**TASK TO COMPLETE**
The answer consists solely of the lines running from the one with "Sailing on a sailboat among big waves" through the final line below, transcribed exactly and without any pictures.

**ENTRIES SHOWN**
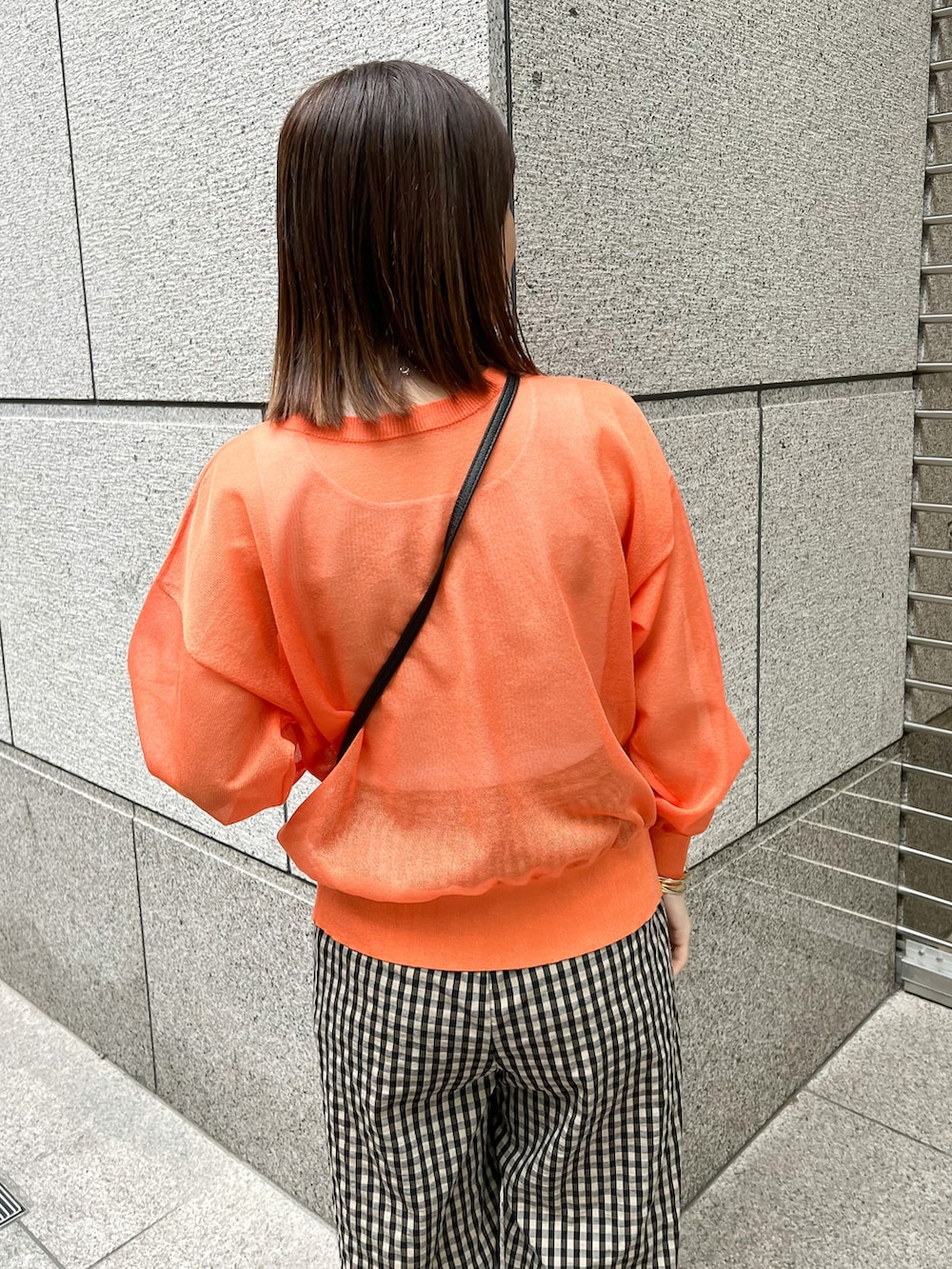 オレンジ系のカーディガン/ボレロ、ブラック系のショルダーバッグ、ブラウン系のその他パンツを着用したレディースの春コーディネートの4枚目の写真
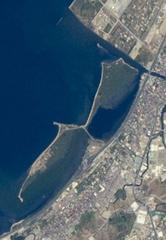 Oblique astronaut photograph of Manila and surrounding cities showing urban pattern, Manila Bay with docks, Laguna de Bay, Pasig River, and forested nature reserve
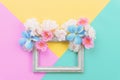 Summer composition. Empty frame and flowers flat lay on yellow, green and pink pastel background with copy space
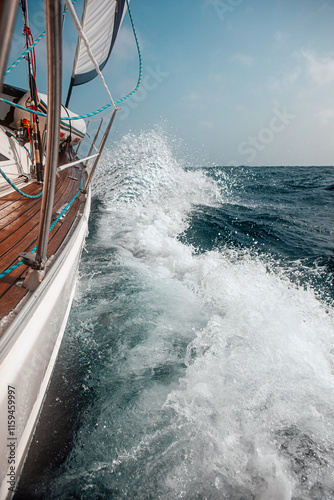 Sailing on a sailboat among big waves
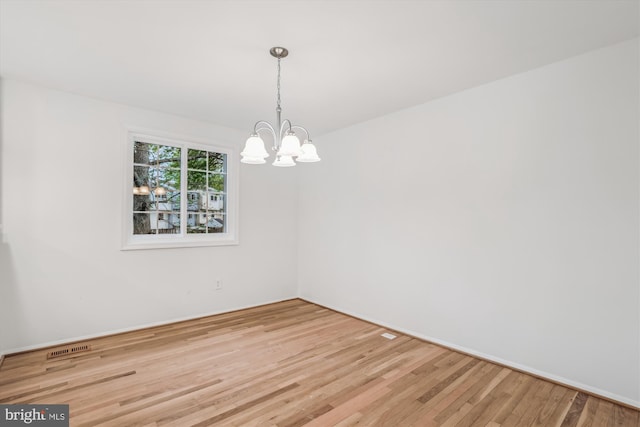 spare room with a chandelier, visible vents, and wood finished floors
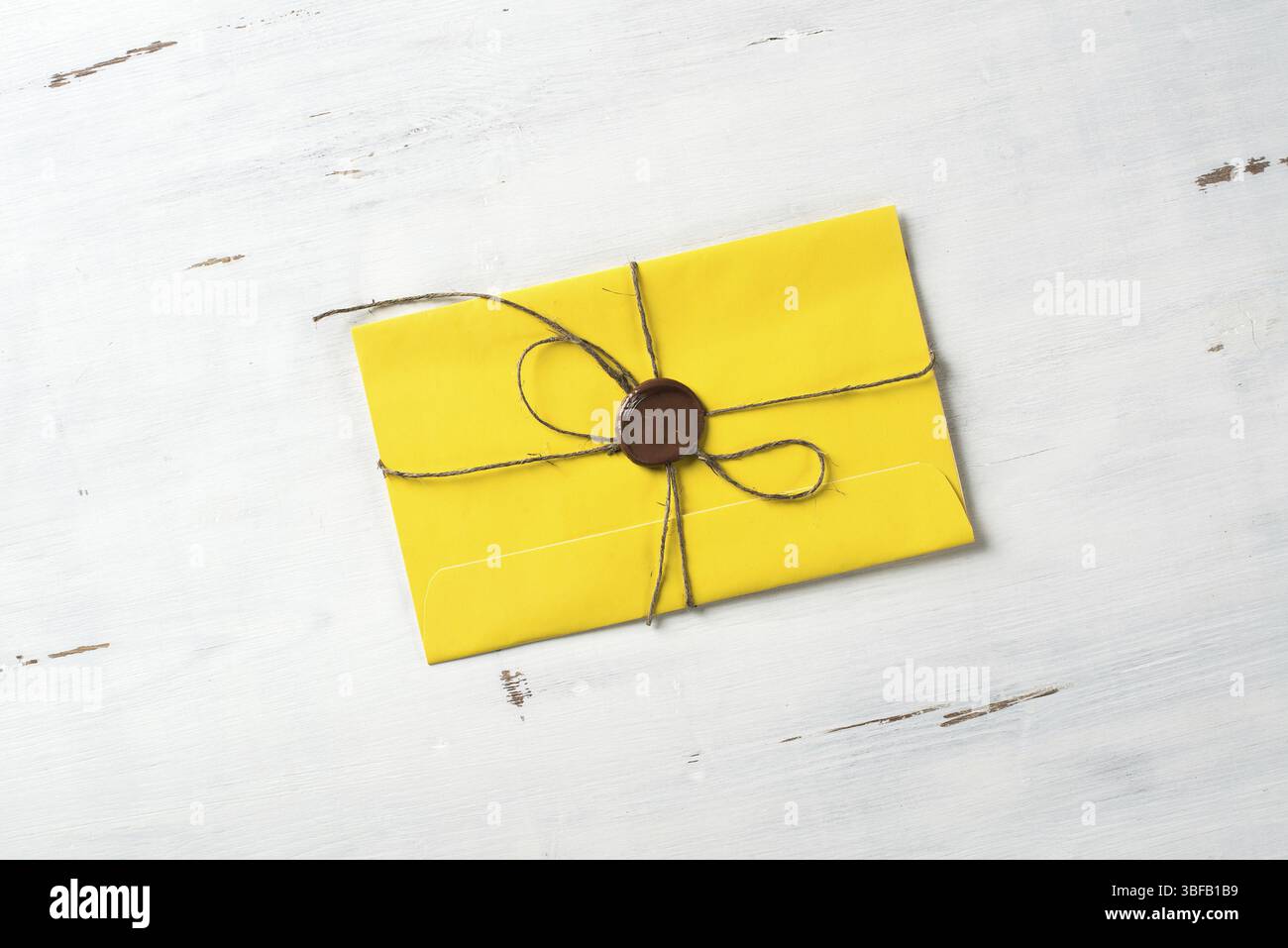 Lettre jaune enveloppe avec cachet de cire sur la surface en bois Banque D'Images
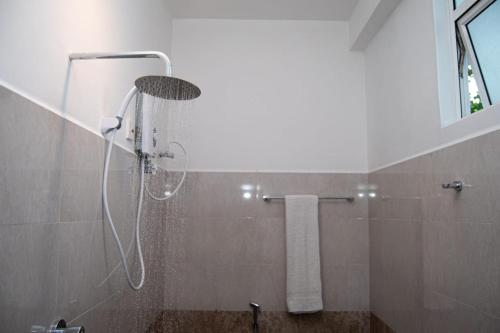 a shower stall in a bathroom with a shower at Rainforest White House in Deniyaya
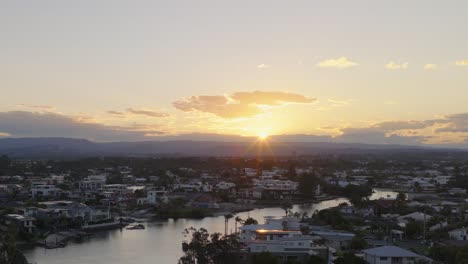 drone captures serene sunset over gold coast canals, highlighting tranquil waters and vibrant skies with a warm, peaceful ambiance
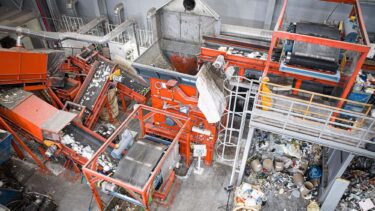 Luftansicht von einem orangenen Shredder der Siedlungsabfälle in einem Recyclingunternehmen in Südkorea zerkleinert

**RESPONSE TO THE EXERCISE**
 Sailing on a sailboat among big waves
 spare room with a chandelier, visible vents, and wood finished floors
 Lettre jaune enveloppe avec cachet de cire sur la surface en bois Banque D'Images
 a shower stall in a bathroom with a shower at Rainforest White House in Deniyaya
 drone captures serene sunset over gold coast canals, highlighting tranquil waters and vibrant skies with a warm, peaceful ambiance
 Luftansicht von einem orangenen Shredder der Siedlungsabfälle in einem Recyclingunternehmen in Südkorea zerkleinert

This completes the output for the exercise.